Rektörler gelir geçer, üniversiteler bizimdir
Anadolu Üniversitesinde bir rektör geliyor, bir rektör gidiyor. Hatta 1 yılda 3 rektör görüyoruz. Fakat hiçbiri üniversitenin hiçbir bileşenine sorulmuyor.
Anadolu Üniversitesi | Fotoğraf: DHA
Anadolu Üniversitesinden öğretim elemanları
Anadolu Üniversitesine 21 Aralık 2024’te Cumhurbaşkanı Erdoğan tarafından bir yeni rektör atandı. Prof. Dr. Yusuf Adıgüzel bir yıl içinde Anadolu Üniversitesine atanan 3. rektör.
Önceki Dönemin Rektörü Prof. Dr. Fuat Erdal görevden istifa etmişti. İstifası oldukça şaibeliydi; çünkü görev süresi bittikten sonra Erdoğan tarafından yeniden rektör olarak atanmış, ancak kısa bir zaman sonra istifasını vermişti. Nasıl ki bu atamaların neden ve nasıl yapıldığı üniversitenin hiçbir bileşenine açıklanmıyor ve sorulmuyorsa bu istifanın nedenleri de kapalı kapılar ardında.

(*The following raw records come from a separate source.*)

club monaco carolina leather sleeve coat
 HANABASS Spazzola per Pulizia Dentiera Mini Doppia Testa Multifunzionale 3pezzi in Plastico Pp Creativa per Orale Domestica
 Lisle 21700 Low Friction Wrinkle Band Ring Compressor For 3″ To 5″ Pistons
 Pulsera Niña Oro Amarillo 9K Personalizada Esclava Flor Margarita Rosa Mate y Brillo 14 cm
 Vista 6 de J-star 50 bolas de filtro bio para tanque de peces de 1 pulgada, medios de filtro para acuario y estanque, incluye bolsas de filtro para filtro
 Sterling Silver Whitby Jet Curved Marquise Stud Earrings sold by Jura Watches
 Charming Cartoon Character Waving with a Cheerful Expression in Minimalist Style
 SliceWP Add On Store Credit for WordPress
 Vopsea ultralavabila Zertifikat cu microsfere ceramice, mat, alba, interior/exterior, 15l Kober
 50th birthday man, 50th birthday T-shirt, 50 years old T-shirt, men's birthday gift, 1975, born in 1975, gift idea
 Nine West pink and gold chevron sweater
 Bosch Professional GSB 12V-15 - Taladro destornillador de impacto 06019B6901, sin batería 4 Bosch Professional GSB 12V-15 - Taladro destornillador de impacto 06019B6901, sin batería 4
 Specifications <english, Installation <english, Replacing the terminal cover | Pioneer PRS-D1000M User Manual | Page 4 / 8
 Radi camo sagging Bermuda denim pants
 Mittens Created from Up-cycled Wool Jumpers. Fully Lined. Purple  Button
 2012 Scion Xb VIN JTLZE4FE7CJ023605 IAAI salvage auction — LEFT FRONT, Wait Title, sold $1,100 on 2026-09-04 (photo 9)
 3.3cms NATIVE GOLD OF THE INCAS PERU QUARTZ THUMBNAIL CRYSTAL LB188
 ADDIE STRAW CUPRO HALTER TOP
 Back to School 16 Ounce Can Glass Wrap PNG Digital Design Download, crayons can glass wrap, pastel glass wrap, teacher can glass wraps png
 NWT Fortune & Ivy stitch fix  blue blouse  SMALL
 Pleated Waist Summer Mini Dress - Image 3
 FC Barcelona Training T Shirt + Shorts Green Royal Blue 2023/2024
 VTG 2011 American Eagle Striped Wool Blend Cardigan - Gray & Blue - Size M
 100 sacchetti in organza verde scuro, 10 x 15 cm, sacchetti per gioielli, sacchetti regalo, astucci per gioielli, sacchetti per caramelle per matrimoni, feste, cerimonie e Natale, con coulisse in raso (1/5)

Erdal’ın yerine vekaleten Eskişehir Osmangazi Üniversitesinin Eski Rektörü Prof. Dr. Kemal Şenocak atandı. Şenocak ilk olarak üniversitenin öğretim üyeliği atama yükseltme kriterlerini arttırdı. Elbette bu girişim bilimsel çalışmaların arttırılmasında bir adım olarak düşünülebilir ancak üniversitelerde giderek performans odaklı bir anlayışın hakim kılınma çabası akademik kariyerinin henüz başında olan araştırma görevlileri ve doktor öğretim üyelerini ‘Seri üretim yayın yapmak’ zorunda bırakıyor. “Beğenmeyen başka üniversiteye gidebilir” anlayışıyla üniversitelerin başarısının sağlanamayacağı aşikar.
Henüz yeni uygulamaya konan eski kriterlerin yüzde 50 gibi bir oranla yükseltilmesi genç akademisyenleri güvencesiz çalışma ve geleceksizliğe itiyor. Tasarruf tedbirlerinin parçası olduğu iddiasıyla yemekhane imkanlarında kısıtlamaya gidilmesi, hijyen koşullarının sağlığı tehdit eden noktaya varması Şenocak’ın yönetiminde tartışma yaratan diğer gelişmelerdi. Geçici görevlendirme rektörlüğe Prof. Dr. Yusuf Adıgüzel’in atanmasıyla son buldu.
Adıgüzel hem Anadolu Üniversitesinin eski öğrencisi olması hem de öğrencilerle ve öğretim üyeleriyle vakit geçirmeye çalışmasıyla oldukça etkili bir iletişim çalışması yürütmüş gibi görünüyor. Göreve atanır atanmaz öğrencilerle öğrenci yemekhanesinde yemek yemesi, üniversitenin çeşitli fakültelerinde gerçekleştirilen etkinliklere katılım göstermesi rektörün üniversitede olup bitenlerle ilgilendiği ve “Fanusuna kapanmayacağı” izlenimini uyandırmış gibi görünüyor.
Fakat öğrencilerle yemek yerken yemekhaneye yılda iki kez yapılan zamların, öğrenci kulüplerine getirilen kısıtlama veya engellemelerin konuşulmadığını düşünmek hiç de zor değil.
Benzer şekilde uzun bir fiili engellemenin ardından yeniden yapılan öğrenci temsilciliği (ÖTK) seçimlerinin kısıtlı duyuru ve başvuru süresi ile gerçekleştirilmesi dikkat çekti. Aynı zamanda fakülte ziyaretlerinde öğretim üyelerine yaşadıkları mobbingi, performans kaygısını, toplumsal cinsiyetten kaynaklanan eşitsiz çalışma koşullarını sormadığını da biliyoruz.
Anadolu Üniversitesinde bir rektör geliyor, bir rektör gidiyor. Hatta 1 yılda 3 rektör görüyoruz. Fakat hiçbiri üniversitenin hiçbir bileşenine sorulmuyor, Erdoğan’ın bir gece verdiği kararla üniversite üzerindeki yetkilerin kimde toplanacağı belirleniyor. Otosansür nedeniyle fikirlerin ifade edilmesi en alt kademeden başlayarak engelleniyor. Bu nedenle bugün Eskişehir’den belki de her zamankinden daha yüksek sesle özerk ve demokratik üniversite talebimizi yükseltmemiz gerek. Üniversiteler öğrencisiyle, öğretim üyesiyle, idari personeliyle, işçisiyle bizlerindir. Karar verecek olanlar da bizleriz.